Tomorrow week, we’re scheduled to get the June quarter national accounts. As previously reported here, after six years of Coalition government, they are likely to show the 2018-19 financial year had the weakest economic growth since 1992 when we were battling our way out of a recession.

When that hits, it could be convenient for Treasurer Frydenberg to claim he is taking action by forcing the RBA to do its job better.

The Treasurer was getting some retaliation in first in his extraordinary speech to the Business Council of Australia on Monday, blaming business for preferring share buybacks and higher dividends rather than investing in new ventures.

He was mercilessly skewered by Crikey’s Bernard Keane as Mr Frydenberg was effectively admitting tax cuts for big business was a dud policy. The Treasurer conceded that productivity growth had fallen under the Coalition.

Business did not take the lecturing kindly, leaving the Treasurer rather friendless ahead of what will be very uncomfortable headlines next week.

Governor Lowe also might have been getting in some retaliation first in Jackson Hole.

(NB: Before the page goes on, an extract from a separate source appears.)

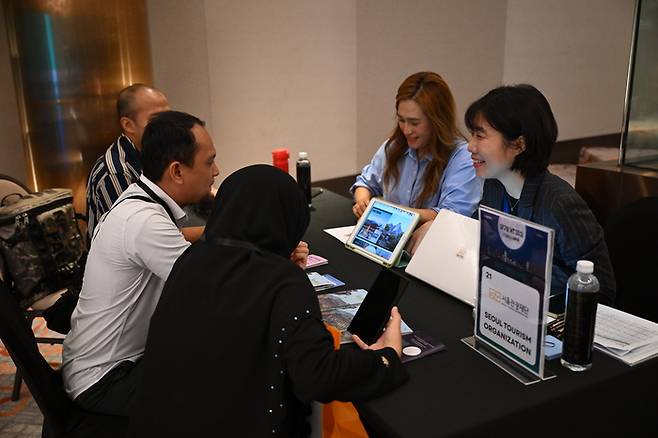 쿠알라룸푸르에서 열린 서울관광설명회 트래블 마트에서 상담중인 관계자들 / 사진=서울관광재단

Economist Jason Murphy spotted a small but interesting variation in what was in Dr Lowe’s published speech and what he actually said.

The speech issued by the RBA at one point had the governor saying: “We can be confident that lower interest rates will push up asset prices and I think that later on we will have problems as a result of that.”

What Dr Lowe actually said was slightly different: “What we can have more confidence in, though is that the monetary conditions will push up asset prices, which brings its own set of risks.”

In the Australian context, that mainly means higher housing prices.

Another housing price boom might provide a sugar hit for a desperate government, but it would be bad for the country soon enough.

Perhaps Dr Lowe was being prophetic.